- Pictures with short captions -
Start of Block

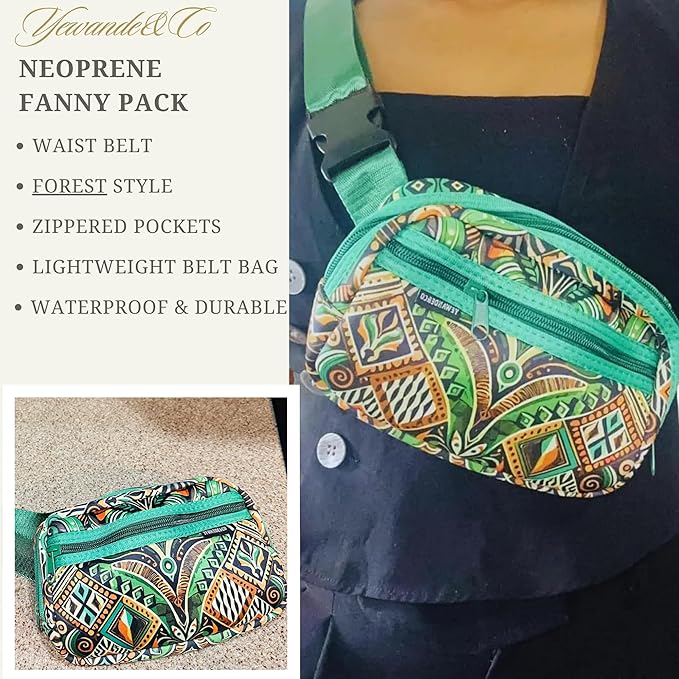 Yewande&co Neoprene Fanny Pack Belt Bag – Lightweight Waterproof Waist Bag with Adjustable Strap, 3 Zippered Pockets, Crossbody Belt Bag for Travel, African Design Crossbody Bags (Forest)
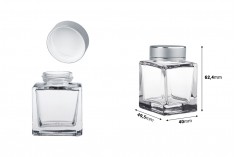 Luxury glass jar 50 ml with silver matte lid and silver stripe - 6 pcs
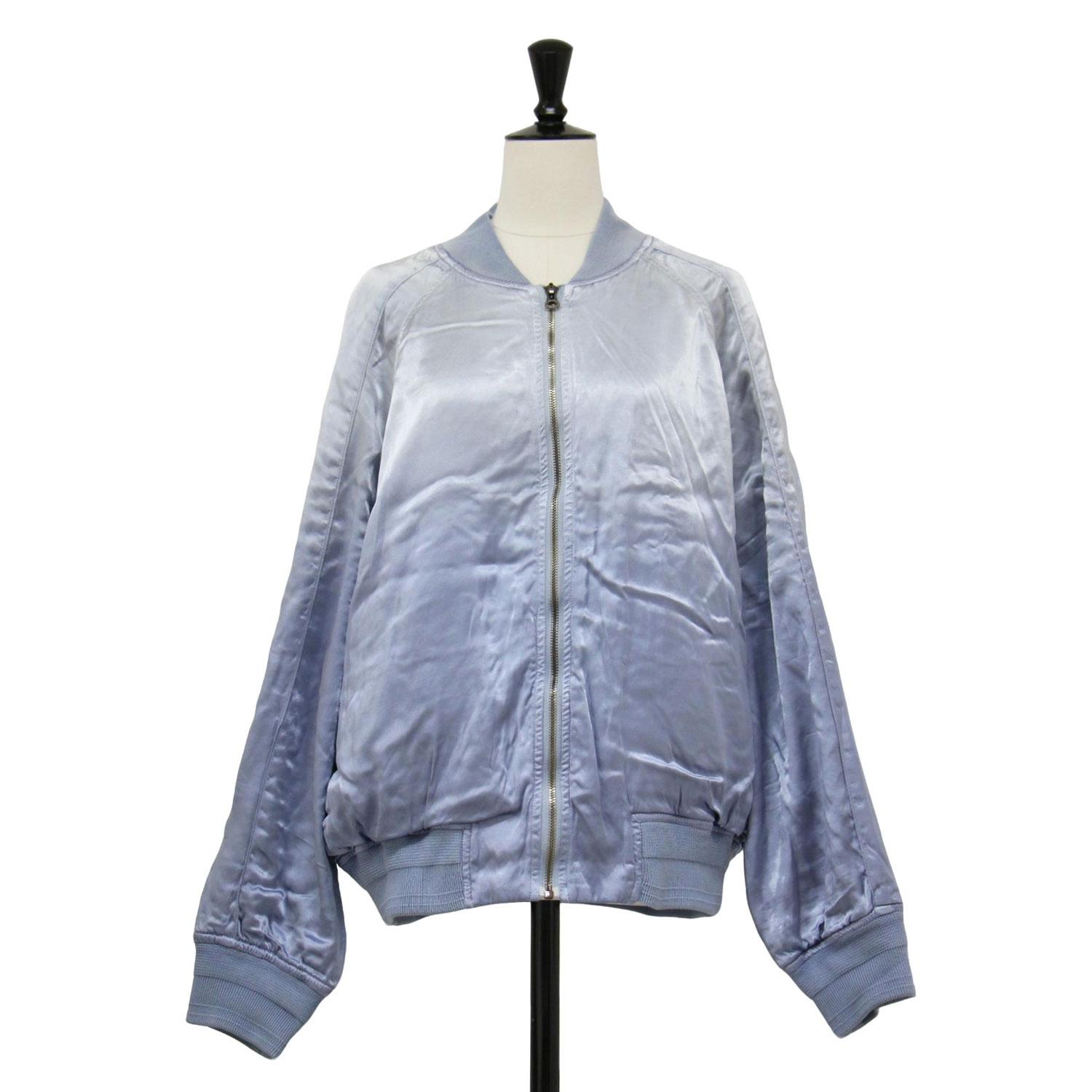 KURO クロ 上衣 青色 大いさ:0(S) | 25春夏 硫化染め 繻子 上衣 | SULFER DYEING SATIN BLOUSON MA-1 | 飛翔上衣 | 遊撃手丈 | アウター 上衣 前掛け 厚地の外套【レディース】【中古】【K4792】 レディースファッション-コート・ジャケット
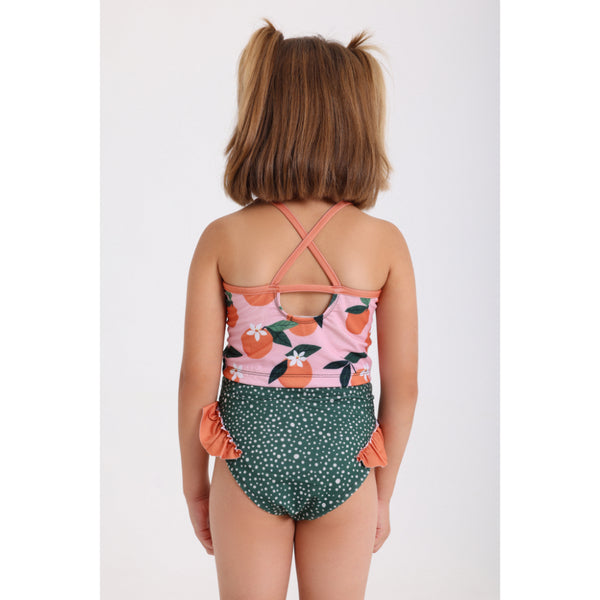 Girls 2-Piece Swimsuit – Dusty Pink & Olive – Orange Print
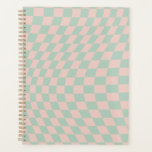 Karo-Muster-eckerbrett mit grün und beige Planer<br><div class="desc">Retro Checkered Pattern - Salbei grün und beige verdrillter Karo / gewellter und verdrillter Schachbrett.</div>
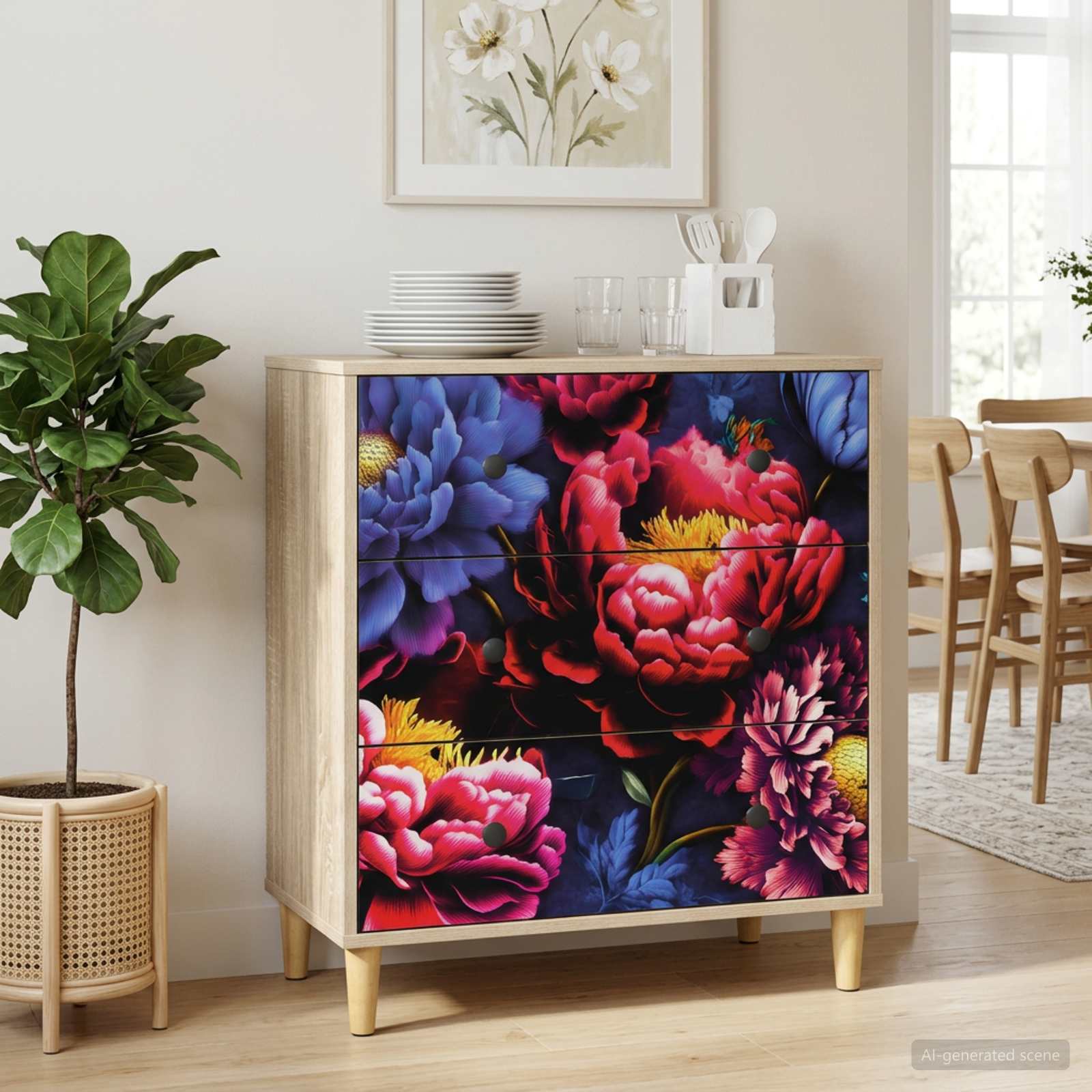 Laukkaava KIEL Tumma pionikuvio 66 x 36,5 x 75 cm Tekninen puu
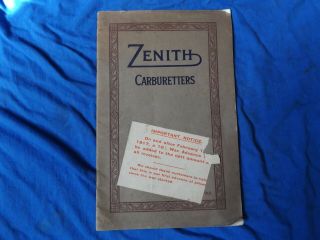 Vintage Pre War Car Zenith Carb Carburettor Zenith Vergaser Instruction Book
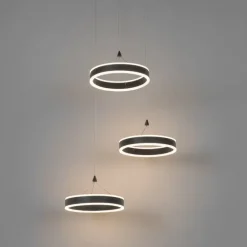 QAZQA Hängelampe schwarz rund inkl. LED 3-stufig dimmbar 3-Licht - Lyani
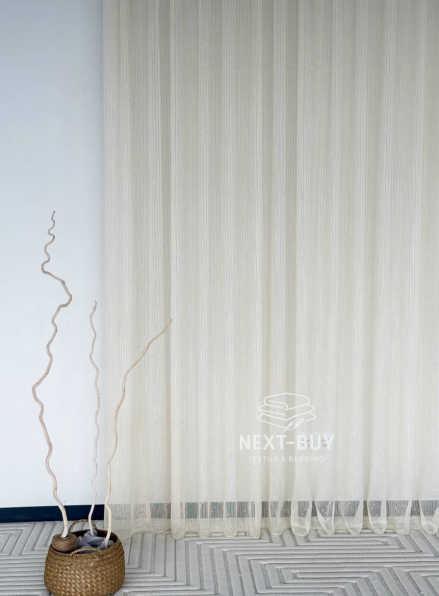 Тюль однотонний грек сітка світло-бежева з блиском Silver Light Beige Туреччина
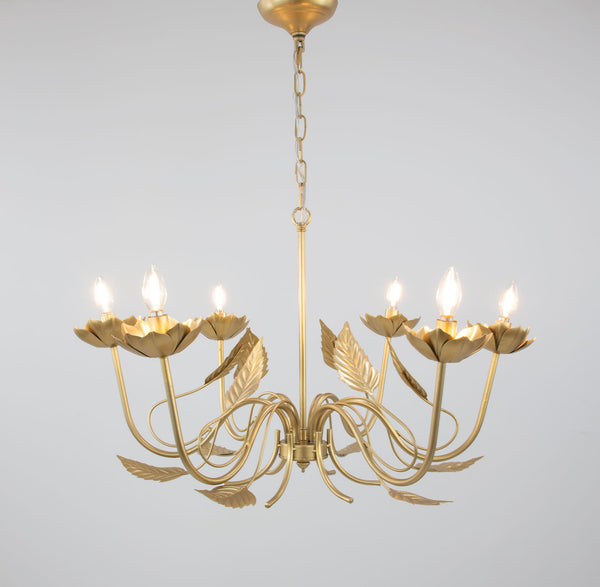 Zeugma Hd147 Luxurious Gold Leaf Chandelier - Large 6-bulb Iron Lighting Fixture With Adjustable Chain Soft Gold Leaf Iron,Metal Frame Hd147 Gold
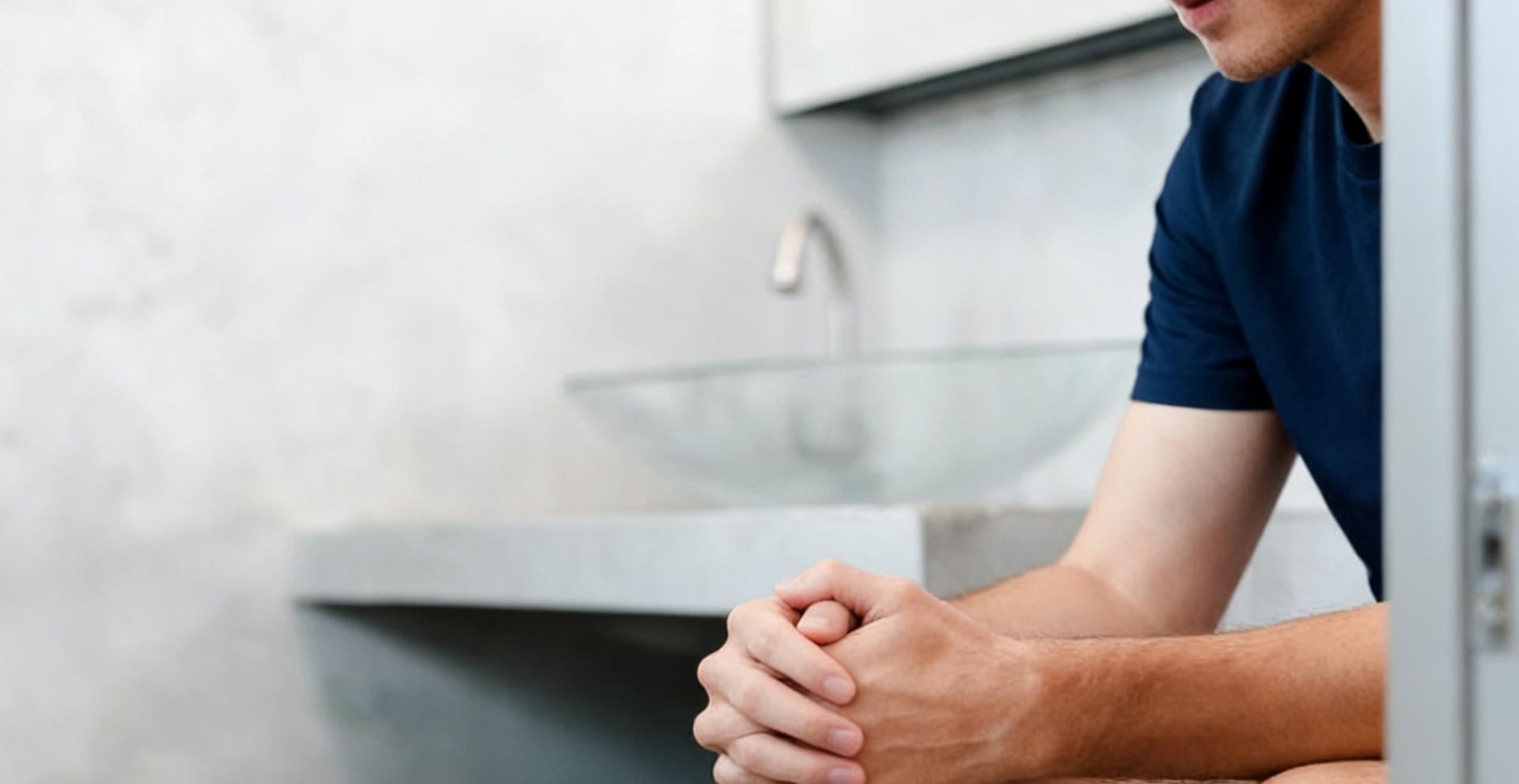 医生建议男性尝试“坐姿排尿”。（示意图）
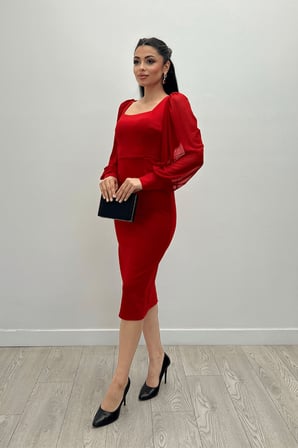 Krep Kumaş Kare Yaka Kalem Elbise - KIRMIZI-GYM-0892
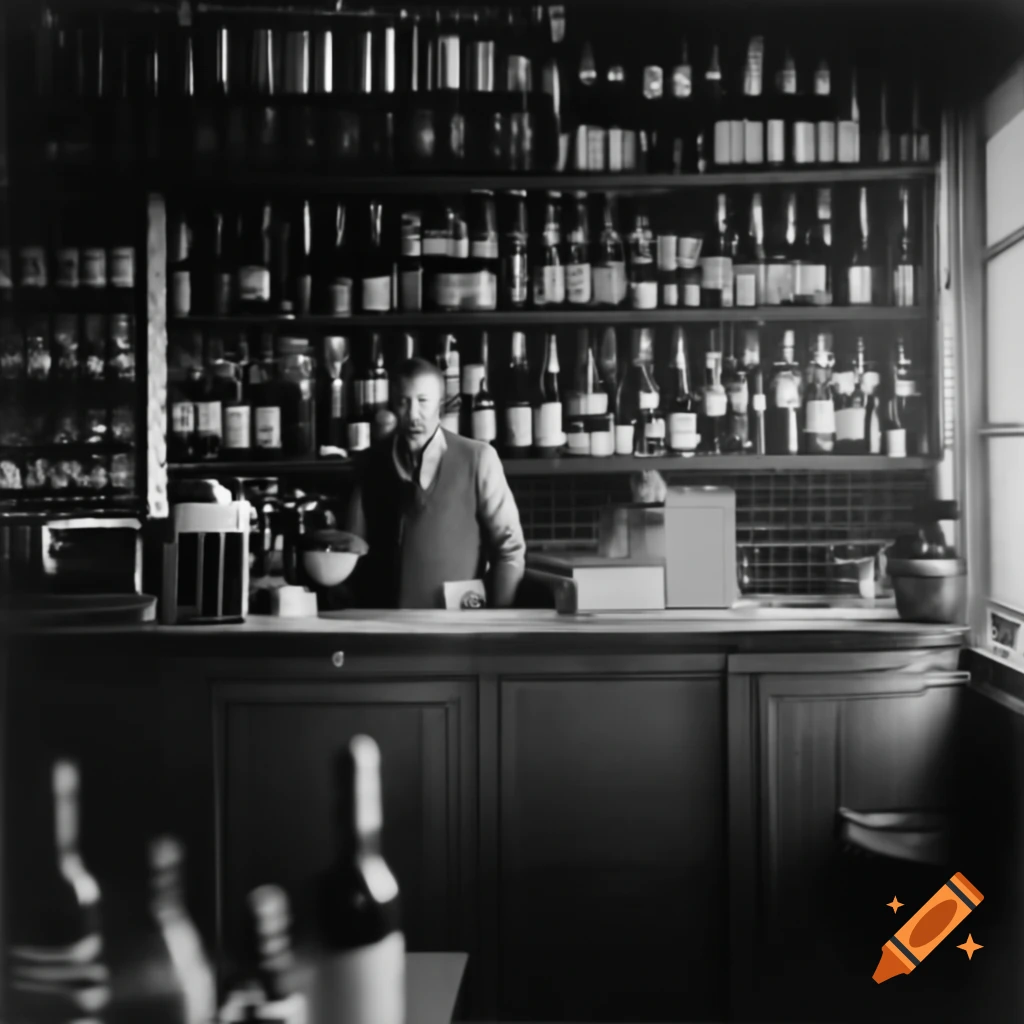 Vintage 1900 photo of liquor store with wine shelves and counter staff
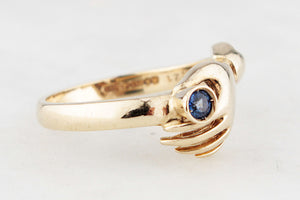 RETRO SAPPHIRE HAND RING 9ct GOLD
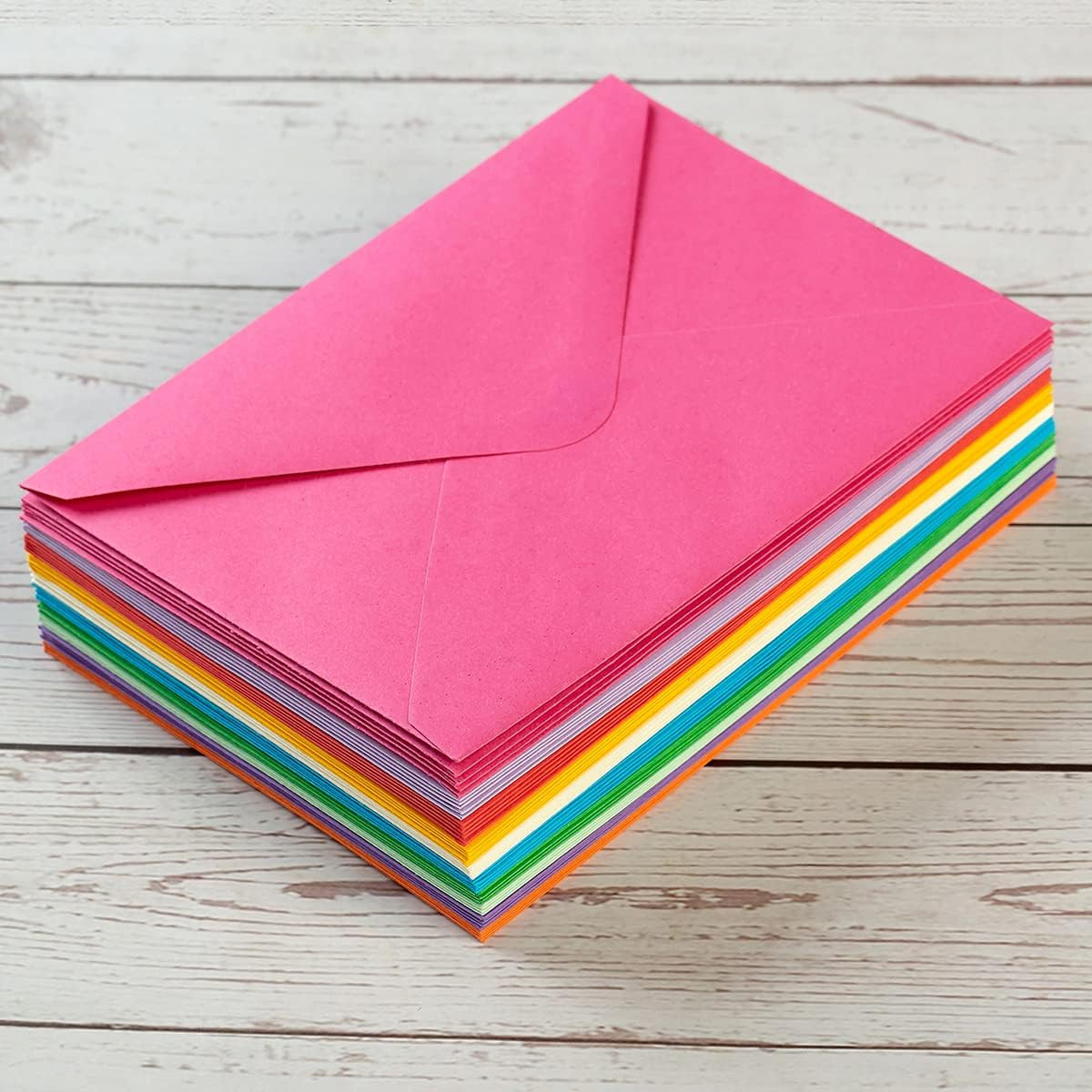 50 Pack A6 Envelopes with Stickers Multicolor, 6 1/2 X 4 3/4 Inches | 4X6 Envelo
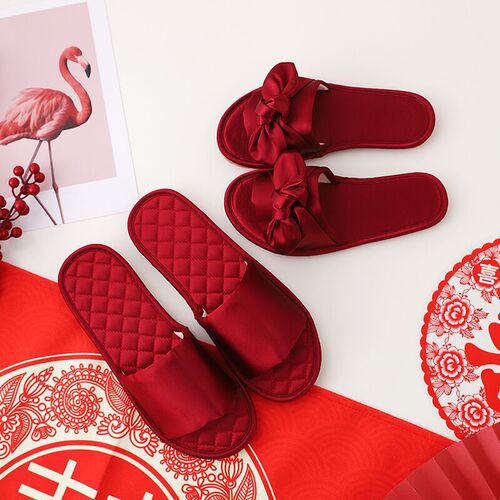Wedding Slippers Summer Women's Festive Red Couple's Silk Dowry Non-Slip Slippers Home Internet Celebrity Large Size Men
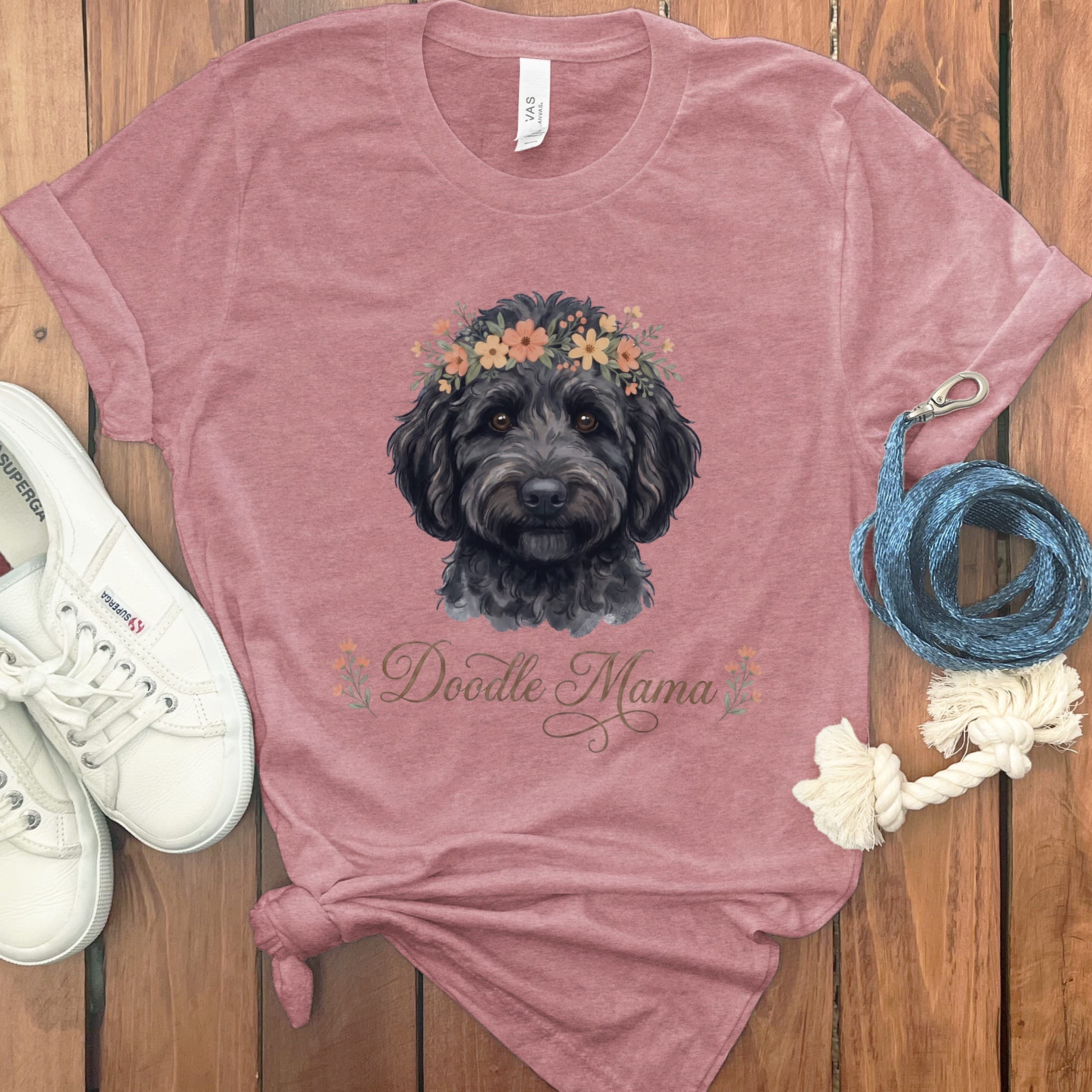 Black Goldendoodle Floral Crown T-Shirt in Heather Mauve / S by Puppy Jo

End of Block

- WHAT THE TASK REQUIRES -
The answer is the lines above, word for word, from the first one through the one containing "50 Pack A6 Envelopes"; it includes no pictures.

- OUTPUT FOR THIS TASK -
 Yewande&co Neoprene Fanny Pack Belt Bag – Lightweight Waterproof Waist Bag with Adjustable Strap, 3 Zippered Pockets, Crossbody Belt Bag for Travel, African Design Crossbody Bags (Forest)
 Luxury glass jar 50 ml with silver matte lid and silver stripe - 6 pcs
 KURO クロ 上衣 青色 大いさ:0(S) | 25春夏 硫化染め 繻子 上衣 | SULFER DYEING SATIN BLOUSON MA-1 | 飛翔上衣 | 遊撃手丈 | アウター 上衣 前掛け 厚地の外套【レディース】【中古】【K4792】 レディースファッション-コート・ジャケット
 Girls 2-Piece Swimsuit – Dusty Pink & Olive – Orange Print
 Karo-Muster-eckerbrett mit grün und beige Planer<br><div class="desc">Retro Checkered Pattern - Salbei grün und beige verdrillter Karo / gewellter und verdrillter Schachbrett.</div>
 Laukkaava KIEL Tumma pionikuvio 66 x 36,5 x 75 cm Tekninen puu
 Vintage Pre War Car Zenith Carb Carburettor Zenith Vergaser Instruction Book
 QAZQA Hängelampe schwarz rund inkl. LED 3-stufig dimmbar 3-Licht - Lyani
 Тюль однотонний грек сітка світло-бежева з блиском Silver Light Beige Туреччина
 Zeugma Hd147 Luxurious Gold Leaf Chandelier - Large 6-bulb Iron Lighting Fixture With Adjustable Chain Soft Gold Leaf Iron,Metal Frame Hd147 Gold
 医生建议男性尝试“坐姿排尿”。（示意图）
 Krep Kumaş Kare Yaka Kalem Elbise - KIRMIZI-GYM-0892
 Vintage 1900 photo of liquor store with wine shelves and counter staff
 RETRO SAPPHIRE HAND RING 9ct GOLD
 50 Pack A6 Envelopes with Stickers Multicolor, 6 1/2 X 4 3/4 Inches | 4X6 Envelo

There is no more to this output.